Part 5, “The Slide Back to California,” contains a single chapter in which Elyse has returned home from Australia. In the time between Chapter 16 and Chapter 17, Elyse and Jonas have maintained a long-distance quasi-relationship over video and phone calls. However, as they grow closer, Elyse fears that Jonas is too good to be true, so she tries to break up with him via text in order to prevent a worse heartbreak later. In response, Jonas invites her to visit him at his home in Kansas, and her friend Tessa convinces her to accept.
In Part 6, “The Staircase to Kansas,” Elyse takes the trip to visit Jonas. In Chapter 18, she and Jonas spend time together in the basement of Jonas’s parents’ house, experiencing their first kiss. Chapter 19 replicates an entry from Elyse’s diary in which she reflects on her visit to Kansas. She has spent her life wearing masks and personas for the benefit of others, but she feels safe enough to discard these personas around Jonas. She feels that he sees who she really is, and this fact scares her because an eventual break-up will hurt far more now. She hopes that she will always remember what it feels like to be wanted this much.
The single chapter of Part 7 is a letter titled “To whom it will never concern,” in which Elyse addresses an unnamed “you,” the ex-boyfriend of Chapters 11 and 14. She hopes that this boyfriend will be disappointed to discover that she has erased his name and identity from her stories, intending for him to be forgotten.

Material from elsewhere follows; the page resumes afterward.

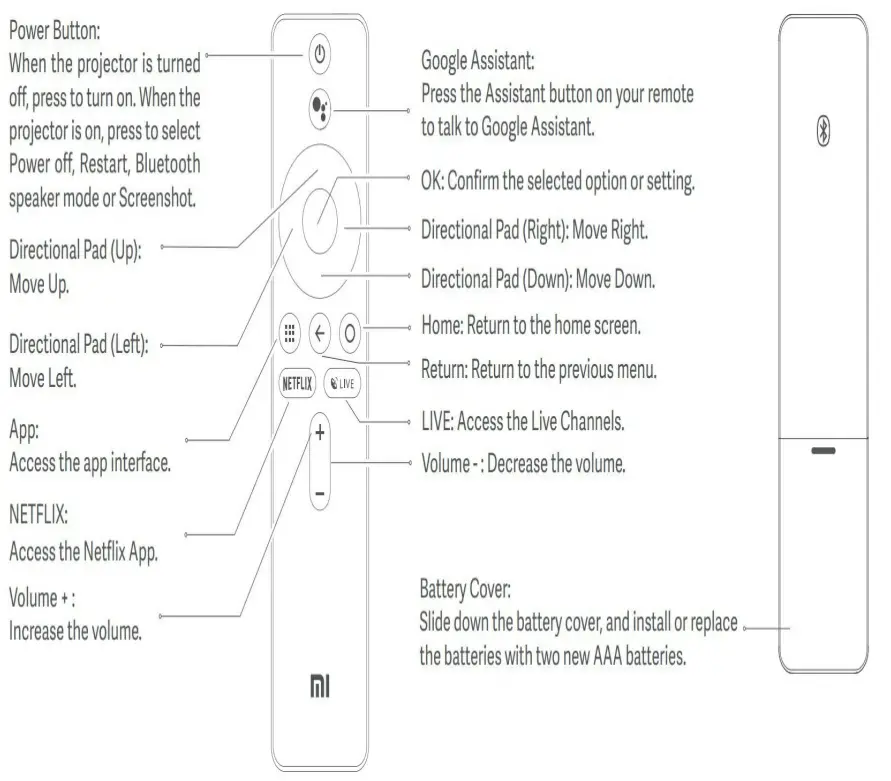Xiaomi-Pro-2-Smart-Projector-FIG 6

Part 8, “The Emergency Exit to Texas,” contains two chapters. In Chapter 20, Elyse drives 12 hours to Texas, planning to move in with Jonas. As she reaches her destination, her anxiety triggers a fight-or-flight response, and she instinctively runs from Jonas in the parking lot. She is afraid that he will decide he no longer likes her, but Jonas reassures her that he loves her and has imagined being with her ever since their first meeting in the grocery store. In the final chapter, Elyse describes her efforts to write a novel about a girl named Cynthia. She belatedly realizes that Cynthia represents her efforts to escape herself, an endeavor that she now admits is futile. She now hopes to make a home with Jonas and learn how to stay in one place.